* **Extracted information**:
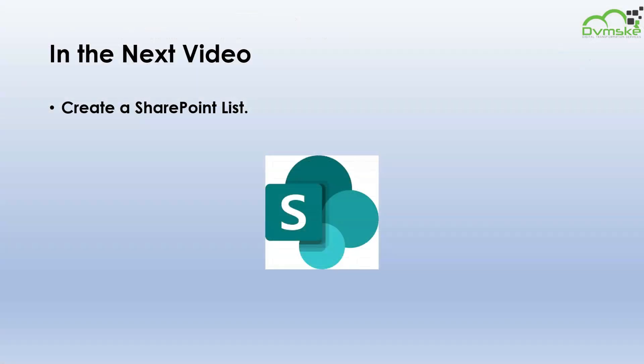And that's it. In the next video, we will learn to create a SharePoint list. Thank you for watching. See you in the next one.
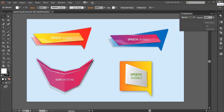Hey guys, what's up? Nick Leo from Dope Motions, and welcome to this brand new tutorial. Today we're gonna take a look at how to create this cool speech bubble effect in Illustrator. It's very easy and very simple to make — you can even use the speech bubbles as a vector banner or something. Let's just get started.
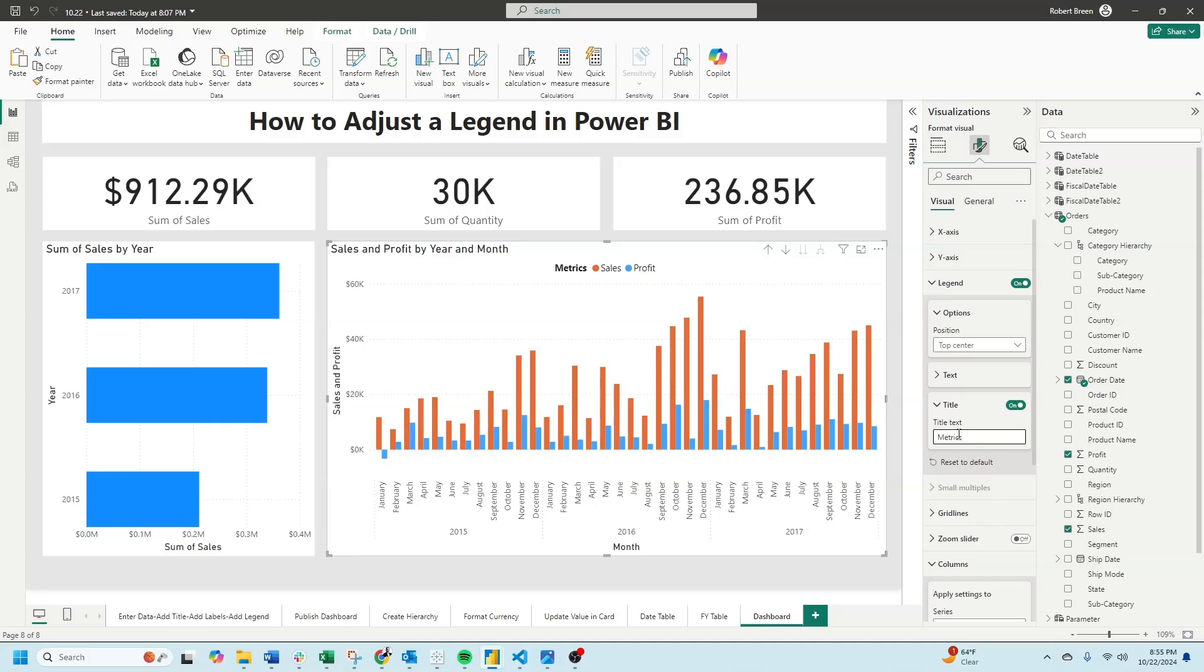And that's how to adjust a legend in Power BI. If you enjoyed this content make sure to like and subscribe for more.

...

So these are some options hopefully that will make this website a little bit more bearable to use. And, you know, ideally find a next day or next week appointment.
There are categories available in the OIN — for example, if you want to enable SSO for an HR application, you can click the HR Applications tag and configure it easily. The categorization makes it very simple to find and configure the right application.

* **Task goal**:
Go down the entries above from the line containing "And that's it." to the line containing "And that's how" and write out each line exactly, leaving pictures out.

* **Exercise solution**:
And that's it. In the next video, we will learn to create a SharePoint list. Thank you for watching. See you in the next one.
Hey guys, what's up? Nick Leo from Dope Motions, and welcome to this brand new tutorial. Today we're gonna take a look at how to create this cool speech bubble effect in Illustrator. It's very easy and very simple to make — you can even use the speech bubbles as a vector banner or something. Let's just get started.
And that's how to adjust a legend in Power BI. If you enjoyed this content make sure to like and subscribe for more.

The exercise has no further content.